As drones become a more common sight overhead, the government has started to think more and more about how to protect the skies. At CES 2017, the Federal Aviation Administration revealed that it is researching new ways to detect and defend against drones.

FAA Administrator Michael Huerta took to the stage in Las Vegas to discuss new technologies designed to spot unauthorized unmanned aerial vehicles (UAVs) operating near important areas, with an emphasis on airports.

According to Huerta, the organization has already tested some of its systems in busy airports in New York and Denver and smaller locales like Atlantic City. Later this year, the FAA plans to extend it tests at the Dallas-Fort Worth International Airport.

Data and observations gathered during the testing period will be utilized to draft recommendations for policies and guidelines that will eventually help to inform airports across the nation who may consider installing drone defense systems.

The emphasis on airports is of particular interest to the FAA as pilots have reported a rapid increase in drone sightings. A report issued by the administration in March 2016 noted sightings had "increased dramatically since 2014." Those numbers have continued to rise, Heurta revealed at CES, with about 1,800 reported sightings in 2016 compared to 1,200 in 2015.

That number will likely continue to rise as drones continue to become a more permanent feature in the skies.

In August of 2016, the FAA set into effect its new rules regulating UAVs that requires drones weighing over 0.55 pounds to be registered with the organization.

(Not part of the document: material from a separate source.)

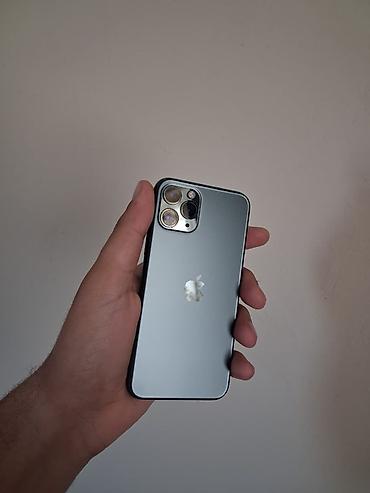 IPhone 11 Pro, Matte Midnight Green, Face ID lalafo.az -da IPhone 11 Pro, Matte Midnight Green, Face ID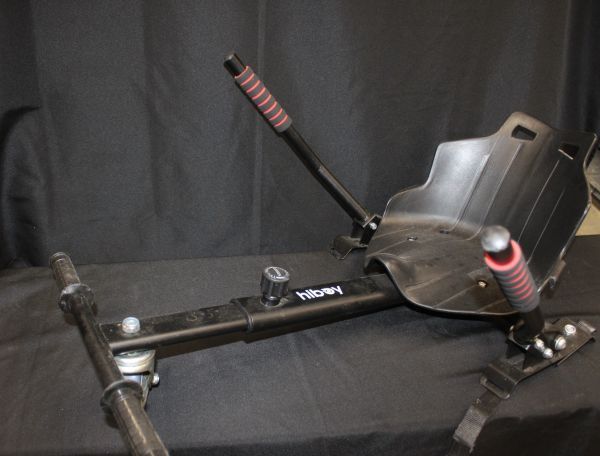 lot 165 image: Hoverboard Strap on Seat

The rules also opened up the possibility for commercial drone usage.

Since the regulations were implemented, more than 30,000 people have applied to become certified drone pilots. Over half of those registered took the required exam, with 90 percent of them passing, according to Huerta.

In total, the FAA has registered more than 670,000 drone operators—including an influx of 37,000 new registrants in the final two weeks of December. A forecast published by the FAA projected a total of 7 million drones sold in the U.S. by 2020.

For the FAA, the biggest challenge is figuring out how to integrate those flying vehicles into the skies. The regulatory body plans to create regulations for allowing drone operations to take place over the head of uninvolved people.

The FAA Drone Advisory Council has been considering the policy for some time, but has yet to finalize any rules regarding overhead usage.

Joel Roberson, a partner at Holland and Knight and part of the law firm's public policy and regulation practice group, told IBTimes that he expects the FAA might create categories of use for drones that would allow for limited operating use.

"While the FAA would like to make the drone flights over people rule as flexible as possible, the current state of safety science will only support minimal operations over people," Roberson said.

According to Roberson, the initial policy that will eventually be implemented by the FAA will likely be limited but will allow the organization and other industry players to better research safety cases and make final rules more flexible.

The FAA is also exploring possible uses that would allow drones to fly beyond the visual line of sight of the operator. Allowing such usage would be a necessity for commercial drone delivery systems like those that Amazon has proposed. The ecommerce company is already testing such deliveries in the United Kingdom.